#### EXERCISE INSTRUCTIONS:
Line by line, copy the data below exactly.

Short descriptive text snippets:
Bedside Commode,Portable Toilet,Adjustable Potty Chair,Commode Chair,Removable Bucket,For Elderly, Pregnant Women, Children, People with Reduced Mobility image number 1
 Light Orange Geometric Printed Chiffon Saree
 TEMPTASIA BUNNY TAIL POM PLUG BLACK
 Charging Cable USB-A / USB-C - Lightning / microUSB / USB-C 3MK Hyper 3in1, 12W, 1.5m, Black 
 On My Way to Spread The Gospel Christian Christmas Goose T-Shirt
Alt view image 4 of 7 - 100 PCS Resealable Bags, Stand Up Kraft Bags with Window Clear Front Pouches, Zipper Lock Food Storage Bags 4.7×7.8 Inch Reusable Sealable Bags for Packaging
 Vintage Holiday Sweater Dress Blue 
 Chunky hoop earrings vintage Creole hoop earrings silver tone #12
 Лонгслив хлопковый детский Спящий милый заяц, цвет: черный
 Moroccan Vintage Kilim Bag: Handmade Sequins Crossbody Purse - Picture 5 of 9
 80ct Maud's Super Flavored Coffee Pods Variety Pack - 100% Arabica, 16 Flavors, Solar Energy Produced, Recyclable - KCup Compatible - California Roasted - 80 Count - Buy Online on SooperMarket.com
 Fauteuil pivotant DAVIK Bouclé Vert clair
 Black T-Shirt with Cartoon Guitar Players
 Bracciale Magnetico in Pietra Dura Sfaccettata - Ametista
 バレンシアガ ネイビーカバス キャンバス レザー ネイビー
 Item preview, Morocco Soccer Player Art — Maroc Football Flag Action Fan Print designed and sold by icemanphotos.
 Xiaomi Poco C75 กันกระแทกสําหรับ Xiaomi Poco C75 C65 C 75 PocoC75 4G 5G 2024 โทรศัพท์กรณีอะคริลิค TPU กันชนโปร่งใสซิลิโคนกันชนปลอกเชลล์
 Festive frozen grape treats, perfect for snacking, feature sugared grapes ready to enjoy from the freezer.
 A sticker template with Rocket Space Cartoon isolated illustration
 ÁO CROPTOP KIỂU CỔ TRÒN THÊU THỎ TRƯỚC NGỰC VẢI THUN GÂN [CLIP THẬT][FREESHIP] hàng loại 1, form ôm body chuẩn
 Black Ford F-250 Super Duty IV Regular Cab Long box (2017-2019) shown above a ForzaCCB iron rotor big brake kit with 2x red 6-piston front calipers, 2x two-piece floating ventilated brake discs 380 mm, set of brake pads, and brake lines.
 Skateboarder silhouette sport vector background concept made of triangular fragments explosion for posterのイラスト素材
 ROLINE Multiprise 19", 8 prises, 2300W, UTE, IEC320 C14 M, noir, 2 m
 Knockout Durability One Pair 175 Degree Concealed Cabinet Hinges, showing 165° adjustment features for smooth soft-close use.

#### REPLY TO THE TASK:
Bedside Commode,Portable Toilet,Adjustable Potty Chair,Commode Chair,Removable Bucket,For Elderly, Pregnant Women, Children, People with Reduced Mobility image number 1
 Light Orange Geometric Printed Chiffon Saree
 TEMPTASIA BUNNY TAIL POM PLUG BLACK
 Charging Cable USB-A / USB-C - Lightning / microUSB / USB-C 3MK Hyper 3in1, 12W, 1.5m, Black 
 On My Way to Spread The Gospel Christian Christmas Goose T-Shirt
Alt view image 4 of 7 - 100 PCS Resealable Bags, Stand Up Kraft Bags with Window Clear Front Pouches, Zipper Lock Food Storage Bags 4.7×7.8 Inch Reusable Sealable Bags for Packaging
 Vintage Holiday Sweater Dress Blue 
 Chunky hoop earrings vintage Creole hoop earrings silver tone #12
 Лонгслив хлопковый детский Спящий милый заяц, цвет: черный
 Moroccan Vintage Kilim Bag: Handmade Sequins Crossbody Purse - Picture 5 of 9
 80ct Maud's Super Flavored Coffee Pods Variety Pack - 100% Arabica, 16 Flavors, Solar Energy Produced, Recyclable - KCup Compatible - California Roasted - 80 Count - Buy Online on SooperMarket.com
 Fauteuil pivotant DAVIK Bouclé Vert clair
 Black T-Shirt with Cartoon Guitar Players
 Bracciale Magnetico in Pietra Dura Sfaccettata - Ametista
 バレンシアガ ネイビーカバス キャンバス レザー ネイビー
 Item preview, Morocco Soccer Player Art — Maroc Football Flag Action Fan Print designed and sold by icemanphotos.
 Xiaomi Poco C75 กันกระแทกสําหรับ Xiaomi Poco C75 C65 C 75 PocoC75 4G 5G 2024 โทรศัพท์กรณีอะคริลิค TPU กันชนโปร่งใสซิลิโคนกันชนปลอกเชลล์
 Festive frozen grape treats, perfect for snacking, feature sugared grapes ready to enjoy from the freezer.
 A sticker template with Rocket Space Cartoon isolated illustration
 ÁO CROPTOP KIỂU CỔ TRÒN THÊU THỎ TRƯỚC NGỰC VẢI THUN GÂN [CLIP THẬT][FREESHIP] hàng loại 1, form ôm body chuẩn
 Black Ford F-250 Super Duty IV Regular Cab Long box (2017-2019) shown above a ForzaCCB iron rotor big brake kit with 2x red 6-piston front calipers, 2x two-piece floating ventilated brake discs 380 mm, set of brake pads, and brake lines.
 Skateboarder silhouette sport vector background concept made of triangular fragments explosion for posterのイラスト素材
 ROLINE Multiprise 19", 8 prises, 2300W, UTE, IEC320 C14 M, noir, 2 m
 Knockout Durability One Pair 175 Degree Concealed Cabinet Hinges, showing 165° adjustment features for smooth soft-close use.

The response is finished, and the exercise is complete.